The truth was, even if Raul didn’t listen, even if it didn’t stop him from carrying out his plan to force me into having his child, he had to know how I felt. Where we stood. I had to be strong and face him.
At a junction in the corridors, a guard met us and whispered in Z’pheer’s ear, gesturing to a set of doors down one hall. Z’pheer nodded and escorted me to them. Another guard waiting there admitted us through the double doors to the lavish suite where we’d seen Raul’s father. Where his father had died. The same hush laid over the rooms, as if the silence of the man’s final hour had seeped out into the rest of the
rooms.
Memories of my mother’s slow and painful death, of her pale face, her frail hand in mine, flooded up, and I shut them down, along with the heavy cloud of sympathy for Raul that rose up.
If I let myself feel bad for him, I wouldn’t be able to stay angry, and if I didn’t stay angry, fear would take over.
At the double doors to the bedroom portion of the suite, Z’pheer raised his fist to knock, but stopped. Unable to speak with the damn muzzle on my face, I raised a brow at him.

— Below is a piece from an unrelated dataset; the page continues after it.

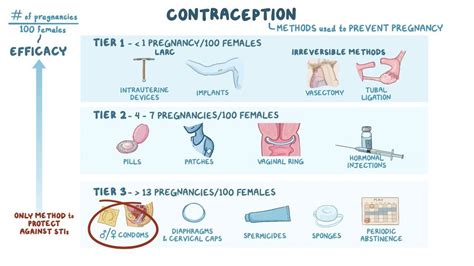 Contraception: Clinical practice - Osmosis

Then I realized why he hadn’t knocked.
Voices carried from the room, hushed and gruff with anger. One sounded like Raul, and the other…
“I should have expected this from you, Raul. This is just so typical of my brother, and of you.”
Laric. His voice, so much like Malek’s, but harsher somehow, filled the room with a loathing so intense it made me stiffen where I stood. Loathing and something else I couldn’t put a name to.
Raul responded, but his rumble was so low I couldn’t make it out beyond the unmistakable tone of controlled anger.
“Come on,” Z’pheer said quietly, leading me over to a long bench a short distance from the doors. “Let’s wait over here.”
Since there was nothing else I could do, I followed him, but another guard came up to him and pulled him aside. Z’pheer kept an eye on me at first, but then seemed to get lost in the conversation, nodding to whatever the guard said.
Instead of sitting, I paced in front of the bench, too restless to relax. Laric was speaking again.
“First, you abdicate the throne when you know there is no one else to wear the hammak, dragging my brother off, and for what? To join the Order on one of your idiotic crusades?”
“Watch yourself, Laric. Malek may be too blind to see what you are, but I—”
“And then what do you do? You disappear for two seasons, right when a war with those yellow-eyed bastards breaks out again, with your father sick. You abandoned your people, Raul. And for what? To get a piece of Gerthling ass?”